* **Input for this task**
⁂

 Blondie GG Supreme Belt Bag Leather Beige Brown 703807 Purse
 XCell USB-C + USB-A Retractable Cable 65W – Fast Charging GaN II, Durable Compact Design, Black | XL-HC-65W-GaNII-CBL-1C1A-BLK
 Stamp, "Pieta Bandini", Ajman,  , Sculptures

⁂

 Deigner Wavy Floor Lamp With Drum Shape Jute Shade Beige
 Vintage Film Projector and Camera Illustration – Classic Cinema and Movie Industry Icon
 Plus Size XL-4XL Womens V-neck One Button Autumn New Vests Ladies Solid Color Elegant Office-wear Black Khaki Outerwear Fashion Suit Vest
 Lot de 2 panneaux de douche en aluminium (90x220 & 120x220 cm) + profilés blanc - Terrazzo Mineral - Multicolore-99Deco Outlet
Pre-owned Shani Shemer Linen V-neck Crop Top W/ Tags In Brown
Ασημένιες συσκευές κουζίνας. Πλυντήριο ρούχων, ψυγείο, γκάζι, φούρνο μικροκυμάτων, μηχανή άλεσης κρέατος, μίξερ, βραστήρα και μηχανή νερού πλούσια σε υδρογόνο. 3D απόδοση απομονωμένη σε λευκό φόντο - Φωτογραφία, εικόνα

⁂

* **Work task**
Show the lines above that have the word "neck".

* **Answer box**
 Plus Size XL-4XL Womens V-neck One Button Autumn New Vests Ladies Solid Color Elegant Office-wear Black Khaki Outerwear Fashion Suit Vest
Pre-owned Shani Shemer Linen V-neck Crop Top W/ Tags In Brown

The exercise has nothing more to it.